His bloodlines consist of TNT and Razors Edge...


----------



## GTR (Mar 5, 2010)

Sounds like a half n half, like my Trance.


----------



## Ricky1126 (Apr 2, 2011)

thanxs guys...


----------



## GTR (Mar 5, 2010)

I really like him. Make sure you post up some more pics soon!


----------



## Ricky1126 (Apr 2, 2011)

will do... hes a great puppy and thanks once again for all the positive comments.


----------



## Ricky1126 (Apr 2, 2011)

i would say that he looks more bully than game though, would you guys agree?


----------



## pitbullmamanatl (Jun 1, 2010)

You said he is UKC registered correct? Who are the parents maybe I can find the peds.
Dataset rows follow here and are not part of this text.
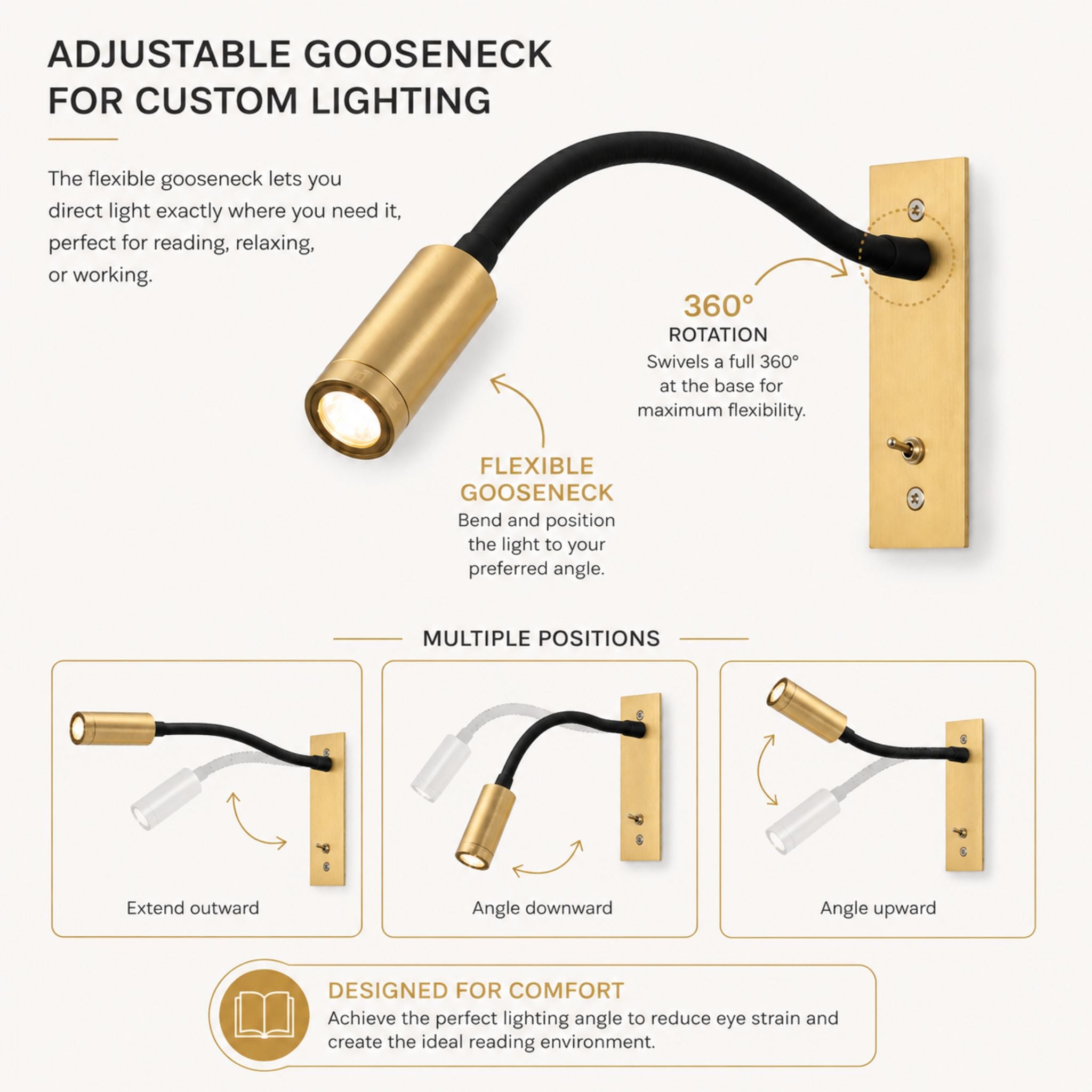 The Modern Gooseneck Wall Light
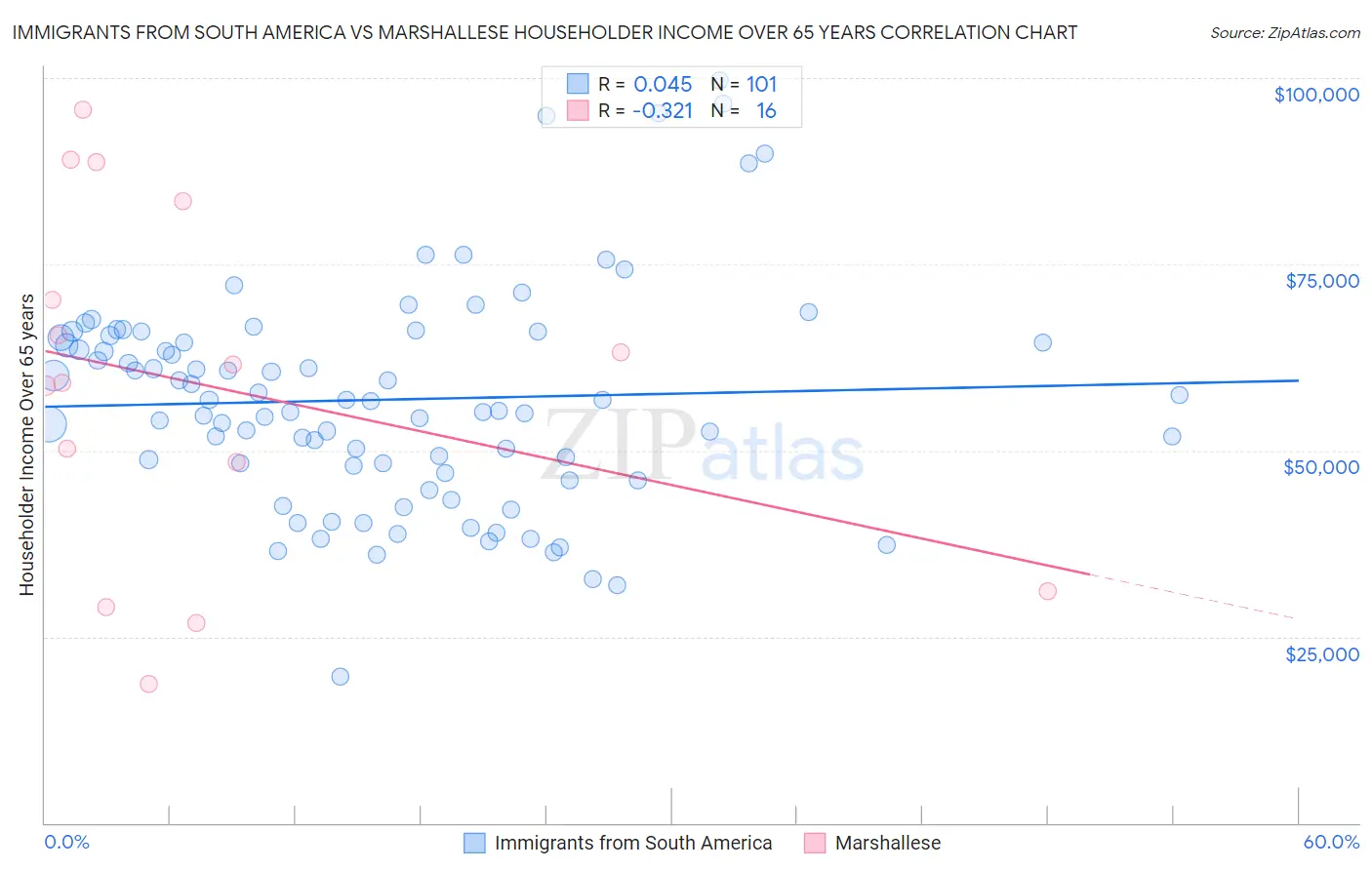 Immigrants from South America vs Marshallese Householder Income Over 65 years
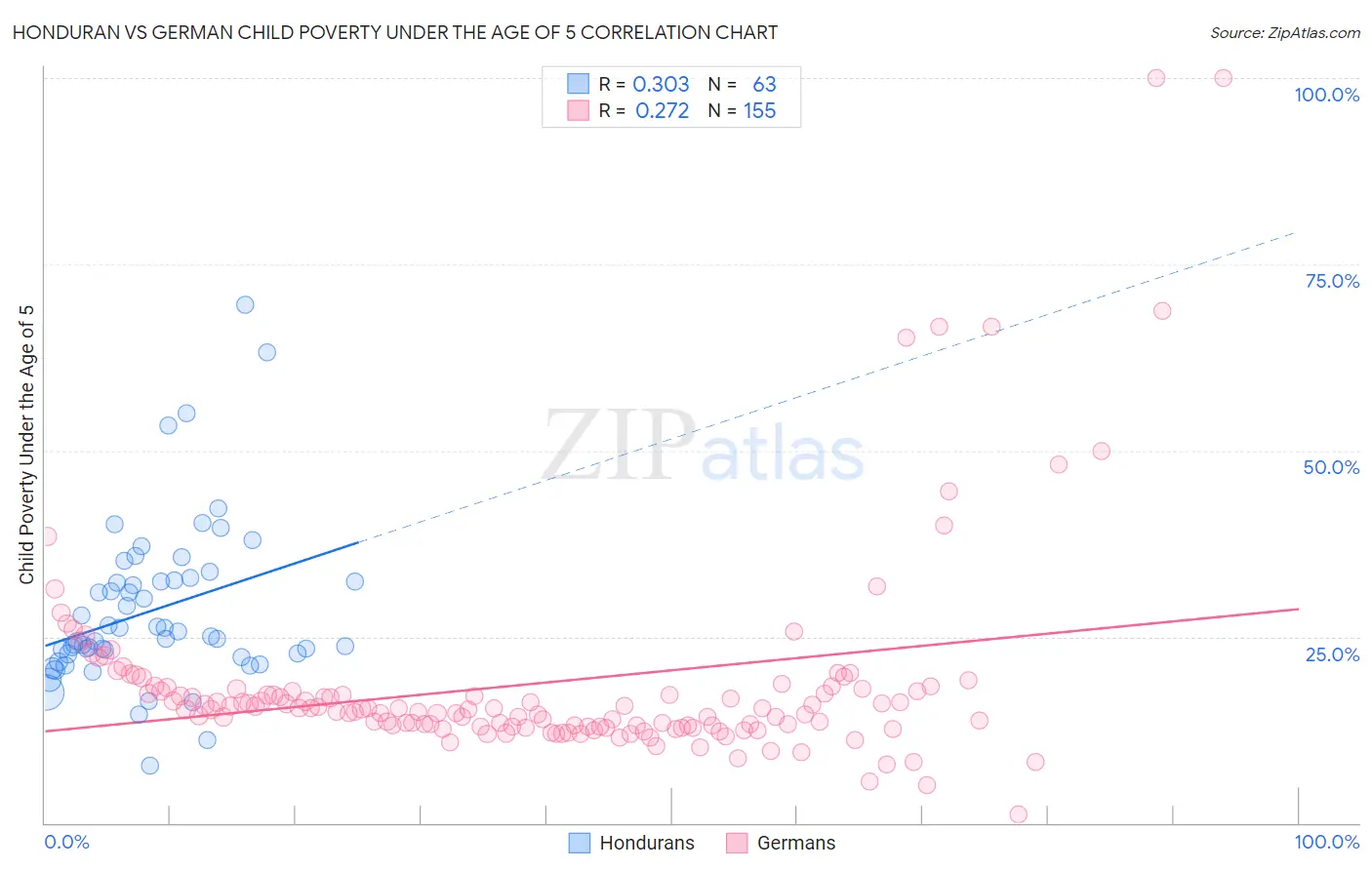 Honduran vs German Child Poverty Under the Age of 5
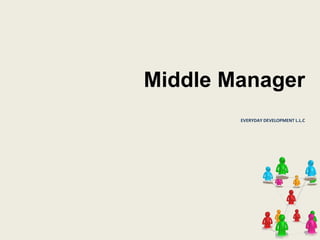 Middle Manager
EVERYDAY DEVELOPMENT L.L.C
 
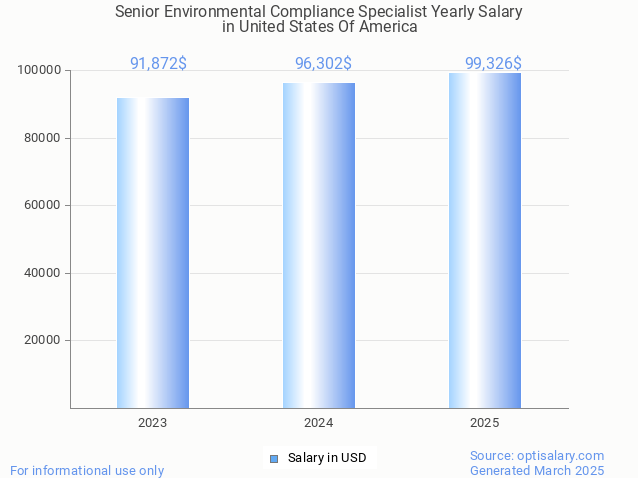 senior environmental compliance specialist salary in united states of america 2025 senior environmental compliance specialist salary in united states of america 2025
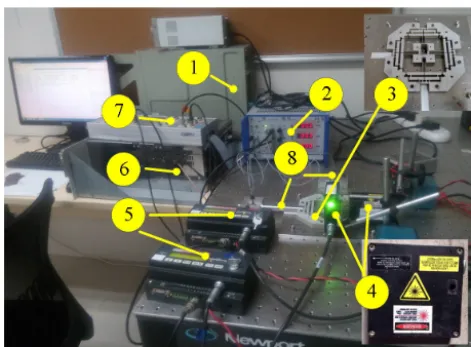 Figure 14. The experimental setup. (1) Host computer, (2) signalampliﬁer and controller, (3) compliant mechanism, (4) laser sen-sors, (5) laser collectors, (6) dSPACE controlling system, (7) DAQboard, (8) PZT actuators.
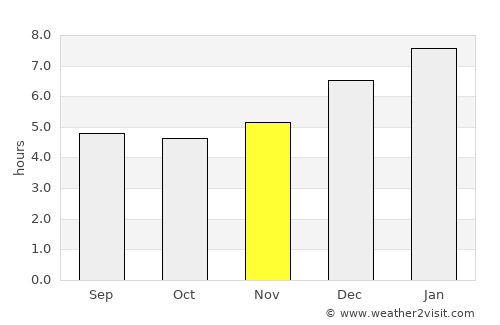 La Grita average rain in November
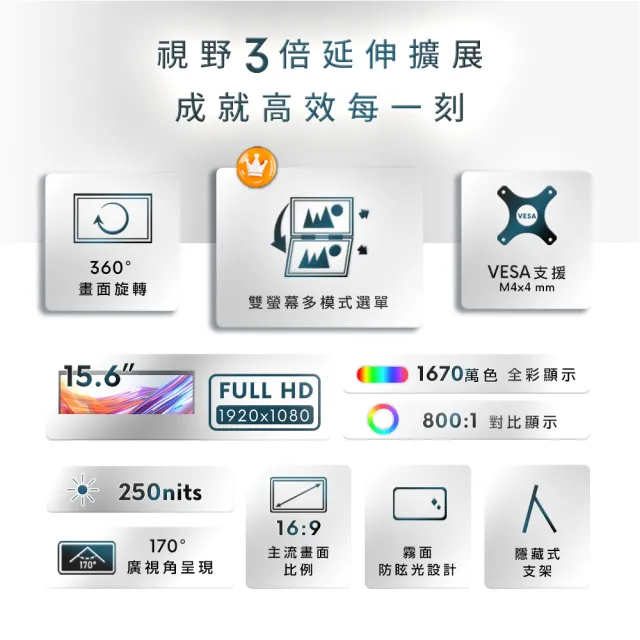 【REAICE】日本Winten 15.6型IPS超薄廣視角可攜式Dou雙屏螢幕(Switch可攜式螢幕/FHD/移動式/HDMI/Type-C)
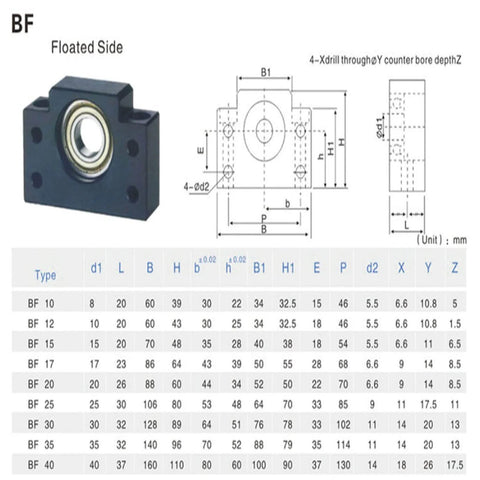 BF12 end support diagram for 1200mm SFU1605 Ball Screw Kit with Ball Nut Housing and 5mm lead CNC structural details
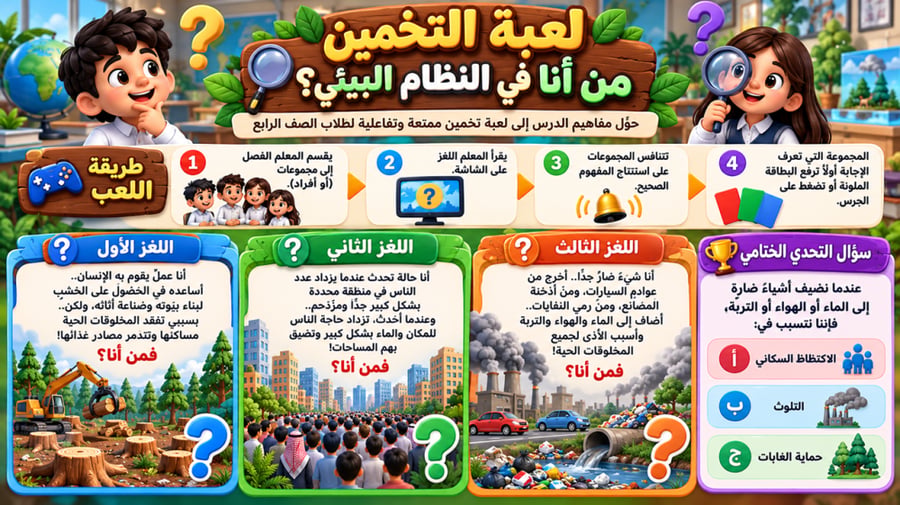 التغيرات في الأنظمة البيئية الصف الرابع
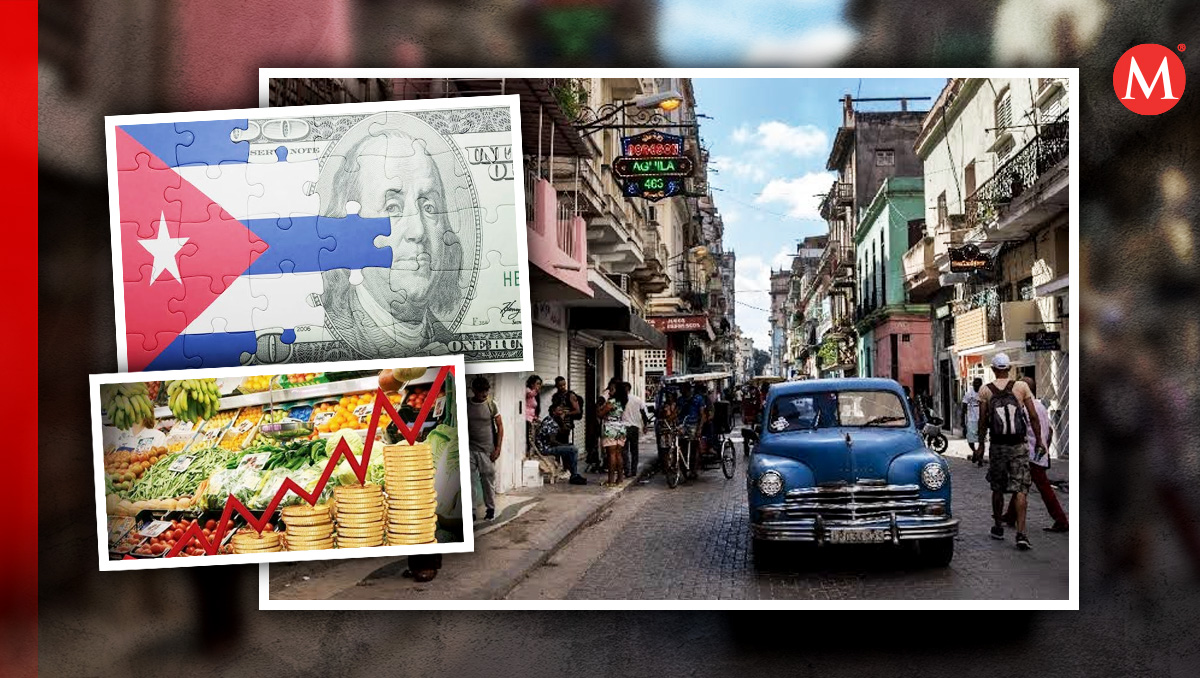 Cuba: Retos Económicos y Adaptación Ciudadana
Handsome boy regardless.


----------



## Ricky1126 (Apr 2, 2011)

YEs UKC his sire was named Joker UKC#A184,989 and the Dam Faith UKC # A238, 571


----------



## Ricky1126 (Apr 2, 2011)

thank you for the compliments


----------



## pitbullmamanatl (Jun 1, 2010)

Ricky1126 said:


> YEs UKC his sire was named Joker UKC#A184,989 and the Dam Faith UKC # A238, 571


Whose name is before both of those dogs?


----------



## Ricky1126 (Apr 2, 2011)

"PR" SIDDIQ'S Joker and the DAM is "PR" JD's/ SIDDIQ'S FAITH

On another note i would appreciate your expertise on another matter. this guy down the street asked to mate his female pitbull with my puppy. i heard that it can stunt the growth my dog is this true or should i even consider doing this?


----------



## pitbullmamanatl (Jun 1, 2010)

Ricky1126 said:


> "PR" SIDDIQ'S Joker and the DAM is "PR" JD's/ SIDDIQ'S FAITH
> 
> On another note i would appreciate your expertise on another matter. this guy down the street asked to mate his female pitbull with my puppy. i heard that it can stunt the growth my dog is this true or should i even consider doing this?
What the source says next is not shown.